Mel elige a Priya, una clienta de color con una etiqueta de gasto sana que había pedido exactamente este tipo de sábado. Toca Offer a slot, escribe «el sábado a las dos con Mel» y lo envía. Priya recibe un mensaje corto diciéndole que se ha liberado un sitio, con la hora y un enlace para reservar. El correo funciona desde el primer día, sin configurar nada. Si el salón tiene conectados los SMS o WhatsApp, esos también aparecen en un desplegable, y Mel puede elegir el que Priya lea de verdad.

La tarjeta le da además otras maneras de cerrarlo. Hay un botón para llamar de un toque si prefiere telefonear. Hay un botón Book now que abre una cita nueva con la clienta y su servicio ya puestos, para las que responden «sí, resérvamelo». Cuando el hueco ya está cogido, Mark booked quita a esa clienta de la lista, y todos los demás siguen en ella para la siguiente apertura.

El interior tranquilo de un salón con una fila de sillones vacíos
Un sillón libre en un sábado completo. La lista de espera ya sabe quién lo quiere.

El de las dos ya estaba reservado antes de que terminara mi secado de las diez. Nadie llamó a nadie y nadie tuvo que suplicar en Instagram.

La versión automática, para cuando estás a mitad de unas mechas

A Mel le gusta elegir a quién le toca el hueco. Si prefieres no pensarlo en absoluto, cancelar la reserva en Bookatu hace el trabajo por ti. En el momento en que se cancela una reserva, Bookatu busca clientes en espera cuya petición encaje con el hueco liberado. Comprueba el servicio, el profesional si pidieron uno y el margen de fechas que dieron. Después escribe a un grupo pequeño con los que mejor encajan, ordenados por cuánto gasta cada cliente contigo, así que tus clientes más fieles se enteran los primeros.

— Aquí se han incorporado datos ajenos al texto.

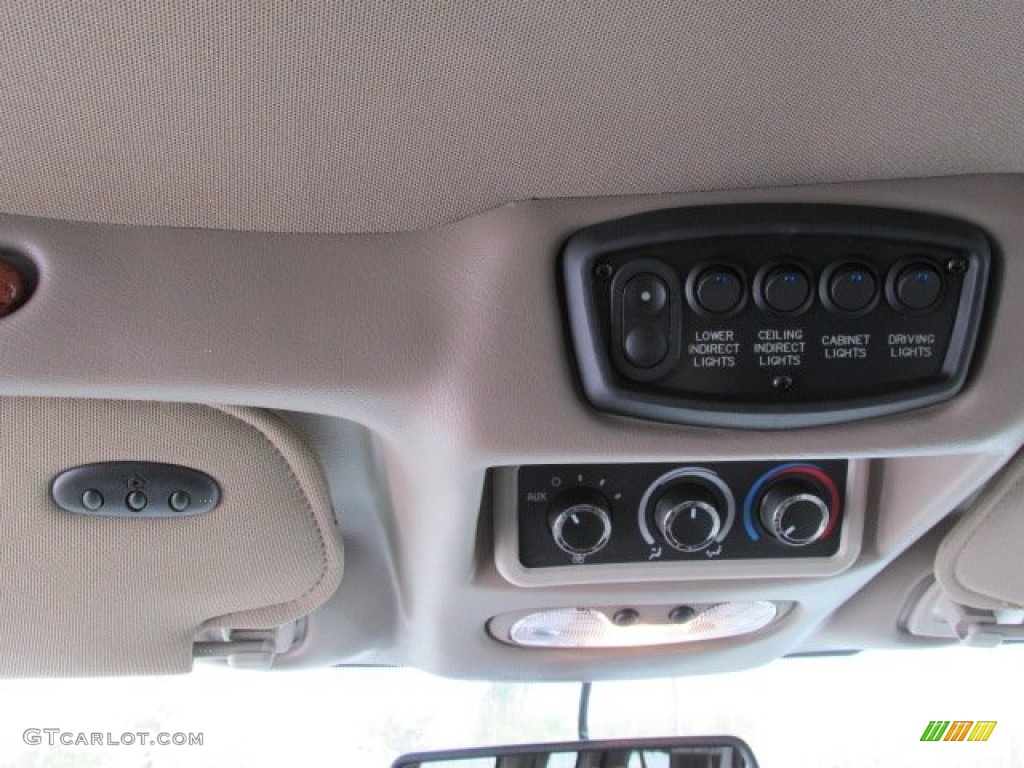 2011 Express 1500 AWD Passenger Conversion Van - Sandstone Metallic / Neutral photo #26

Cada una de esas ofertas lleva un enlace para reclamar el hueco de un toque. El primer cliente que lo toca reserva el hueco en el acto. Quien lo toque después ve que ya está cogido. Las ofertas salen por correo de serie, y si tienes los SMS configurados y el cliente ha dado su permiso, la oferta sale también por mensaje. A un cliente al que ya se le ha ofrecido esa apertura no se le vuelve a dar la lata con ella.

Cómo se apuntan los clientes a la lista

Nada de esto funciona sin nombres en la lista, y Bookatu los recoge justo en el momento de la decepción. Cuando un cliente elige un día en tu página de reservas y no queda nada, ve que estás completo, con un botón para unirse a la lista de espera justo ahí. El servicio que estaba intentando reservar se arrastra, ya seleccionado. Además tienes un enlace público de lista de espera que puedes compartir donde quieras, como tu biografía de Instagram o la respuesta a un mensaje directo.

El formulario para apuntarse lleva más o menos un minuto. Un cliente deja:

  • Su nombre, y un teléfono o un correo, o los dos.
  • El servicio que quiere, o cualquier servicio si solo quiere un sillón.
  • La primera y la última fecha que le vienen bien.
  • Si le van mejor las mañanas, las tardes o las noches, y una nota si tiene alguna.

Ese detalle es lo que hace que las ofertas se sientan personales en vez de spam. A quien pidió un color de sábado no se le avisa nunca de un corte de puntas de un martes. Para activarlo todo, abre Settings, busca What clients see y activa Waitlist.

Una cancelación solo se pierde si el hueco se queda vacío

Las cancelaciones no van a desaparecer. La gente se pone mala y los planes se caen, normalmente en tu día con más trabajo. Lo que sí puedes cambiar es lo que pasa en los diez minutos siguientes a ese mensaje. Con una lista de espera, una cancelación se convierte en un mensaje para alguien que estaba deseando que le escribieras. El hueco de las dos que se cayó del sábado de Mel se lo llevó una clienta habitual encantada de cogerlo. El día siguió completo, y nadie se pasó la hora de comer llamando por teléfono.